Brooks: Attacking Anonymity
By David Brooks, The Dartmouth Staff
Published on Friday, August 17, 2012
To the delight of Dartmouth’s internet trolls, the popular yet infamous message board Bored at Baker will be back up and running on Sept. 1. The site has apparently been down for the majority of the term, but the break from Bored at Baker seems to have gone unnoticed by much of the Dartmouth community.
I can’t help but think we might be better off if it were gone for good. Since this is unlikely, I hope the discourse among users on the site changes drastically upon its inevitable return.
Bored at Baker allows users to post about any topic of their choosing, safe from the fear of reprisal. Posts range from hilarious to borderline criminal, and it is these latter posts that are most dangerous and insidious.
My freshman fall offered me the opportunity to see firsthand the effects that Bored at Baker can have on a student. A female friend of mine was repeatedly mentioned in Bored at Baker posts, which ranged from comments on her attractiveness to detailed descriptions of supposed sexual exploits.
This culminated in a post in which one poster said something along the lines of, “Did anybody see her tight blue formal dress? Man, I want to rape her.” The post as written was extremely troubling, and it was made worse by the number of “agrees” the post received.
For the rest of the term, these and subsequent posts hung over my friend’s head. She appealed to the administration without much success. Understandably, she worried for her safety, and her grades began to slip as a result.
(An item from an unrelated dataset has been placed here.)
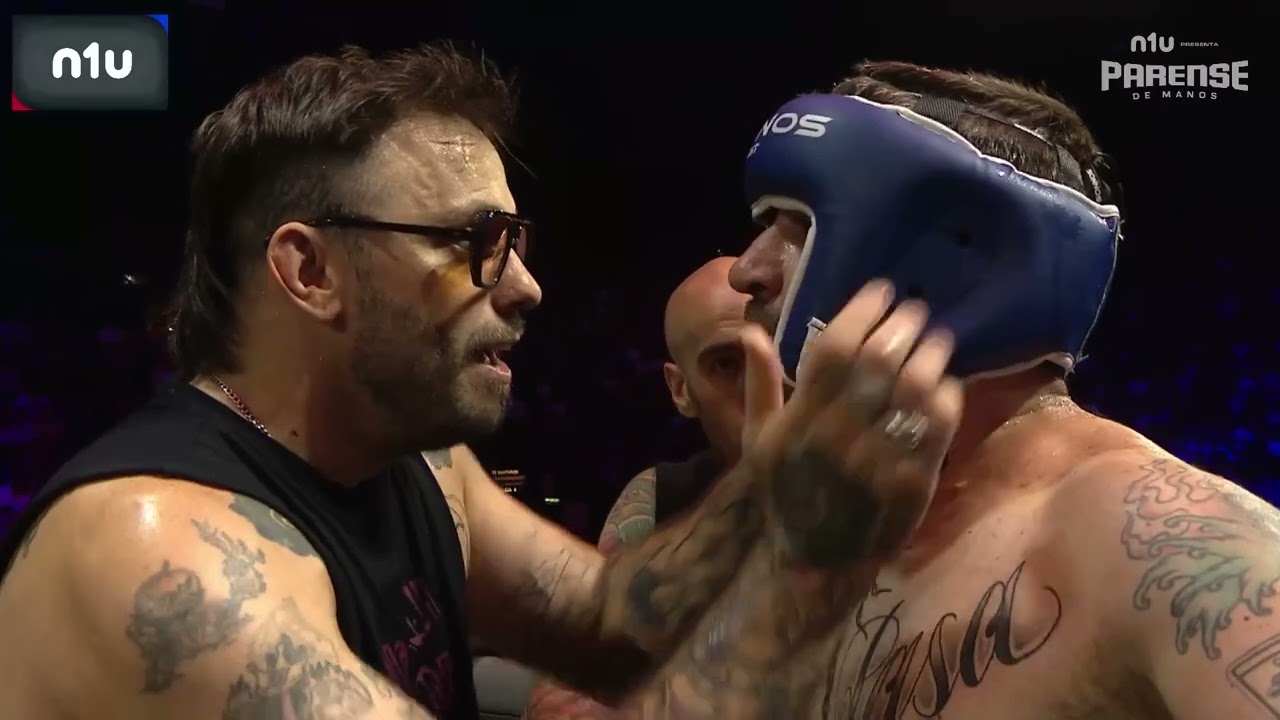 PITI FERN&Aacute;NDEZ vs COKER Parense de Manos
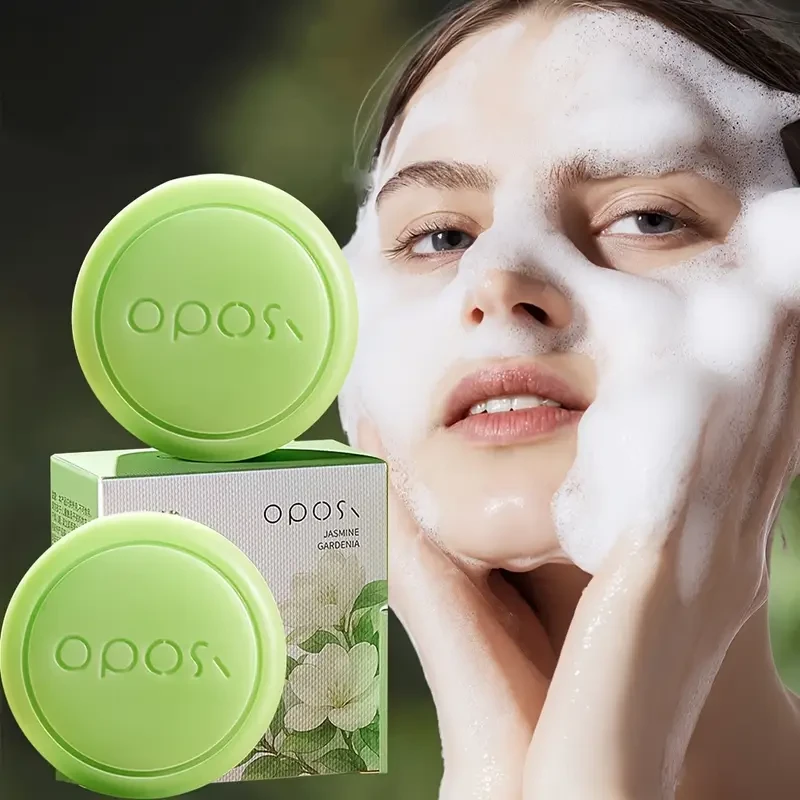 OPOSI Floral Scented Body & Face Soap  Gentle, Hydrating & Oil-Control Skincare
I have heard and read all of the defenses from the regular users of Bored at Baker before. They claim that the posts are just anonymous jokes, or that if a person is dissatisfied with the content of the posts on the site he or she can choose to ignore them.
However, a poster’s anonymity only extends as far as the Dartmouth community. Harmful posts often relay intimate knowledge about the people they castigate, shrinking the potential pool of miscreants. In the example of my friend, the poster was likely a Facebook friend or someone who had seen her that night. Imagine walking around campus wondering which of your acquaintances is publicly advocating violence against you.
Identifying a fellow classmate by name and expressing a desire to rape her isn’t funny. When Bored at Baker posts cross the line in this matter, the original poster and his random internet supporters predictably swoop in to remind others not to take things so seriously. Yet posts that target members of our community aren’t written as jokes, and there’s no punch line. Trying to claim such posts are jokes after the fact is a dishonest attempt by a person who wants to escape responsibility for his or her words.
The “don’t like it, don’t read it” defense is another escape for those who wish to shirk responsibility for their words. But this line what incorrectly shifts the responsibility from the speaker to the person attacked.
I’m not saying everything about Bored at Baker is bad. An outlet for anonymous discussion provides students the opportunity to discuss campus issues without fear of reprisal.
Many posts are genuinely funny, and I see no problem with students trying to have fun by pretending to be an online personality.
Although I am convinced that only a small segment of our community engages in this behavior, I believe those students openly advocating harm should be stripped of their anonymity. That kind of dialogue has no place in our community.